Linea de Inmigración

Un emigrante allá, es un inmigrante cuando llega acá

Buenos días, Dr. Rosenow. Soy argentino y vivo en Córdoba, tengo 17 años, y he leído mucho sobre usted y su ayuda a los solicitantes que deseen entrar a Estados Unidos. A mitades de julio cumplo 18 años, por lo tanto seré mayor de edad a partir de dicha fecha.

Primero, tenía acordado un viaje al sur de la bella Argentina con mi escuela, el último año que paso en ella, a fines de noviembre, cuando termino. Pero decidí cambiar dicho viaje, por uno hacia Estados Unidos, por el fútbol. Verá usted, es mi mayor sueño y allá no hay muy buen nivel de fútbol, exceptuando físicamente. Mi idea es ir a vivir, pero solo, mis padres y hermanos quedarían allá. Tengo tíos en Virginia y primos viviendo en Nueva York.

Me he informado mucho desde enero que vengo planeando este viaje. He leído como nunca en estos meses y, uno entre los tantos, a usted. Nunca he hecho la visa y jamás he viajado a Estados Unidos. Por lo que he leído, los americanos no quieren que vaya cualquiera por el simple hecho que quedan “viviendo” en dicho país, muchos de ellos... sumándole ahora con el tema de Donald Trump, se me complicaría más. Yo viviría con mis tíos en Washington, D.C., pero solo.

En fin, mi idea era viajar con visa de turista B1-B2 por un determinado tiempo y fichar con algún equipo de la MLS, a partir de allí, pedirle al club que me extienda la visa o la cambie por una de “trabajo temporal” o incluso que extienda la de visa, si es posible.

¿Usted piensa que me darán la visa de turista, por un tiempo, en la Embajada de Estados Unidos en Buenos Aires? Ya voy a tener 18 años, sin trabajo aquí y habiendo terminado la escuela, es complicado... Pero, ¿qué pensaría usted? ¿Me daría algún consejo?

Gracias por su atención.
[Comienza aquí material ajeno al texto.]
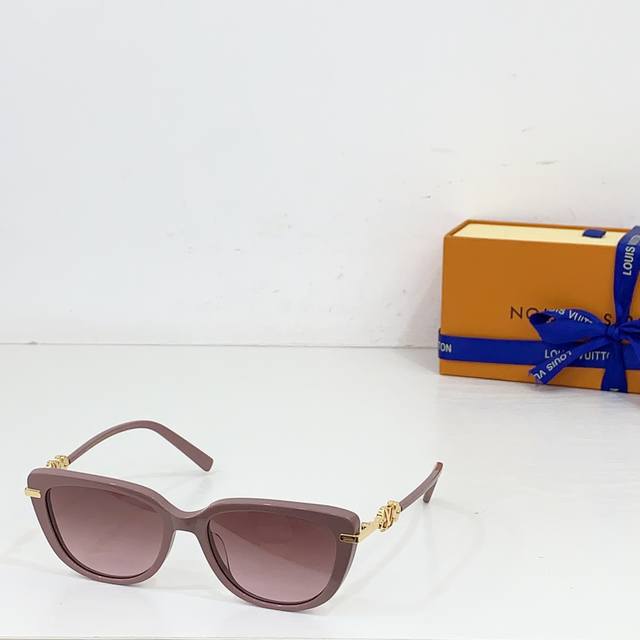 Louis Vuitton Model: Z1873 Size: 52 X 19-145 1302150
Atentamente,

Mateo Oliva, Córdoba 10/07

Apreciado joven Mateo, usted sueña.

“Soñar no cuesta nada”, reza un conocido refrán popular, pero en términos de inmigración, hacer aquello es como lo acostumbraba mi padre, Martín Rosenow, Dios lo tenga en Su eterna gloria, cuando allá en Barranquilla, Colombia, donde crecí, compraba un billete de lotería rifando una casa amoblada de exhibición, y luego, un mes antes de la rifa, en compañía de un madre y mi personita, la visitaba y nos explicaba dónde ubicaría el sofá o los muebles de alcoba.

Nunca he olvidado esa trastrueca mental de mi padre y hoy me la hace evocar su amena, inteligente, pero desviada carta, preñada de sus buenos deseos, pero reñida con las leyes básicas de la inmigración a Estados Unidos.

Todo comienza con el concepto de raíces, y hasta que esa definición no quede clara, no hay mas que confusión e irrealidad.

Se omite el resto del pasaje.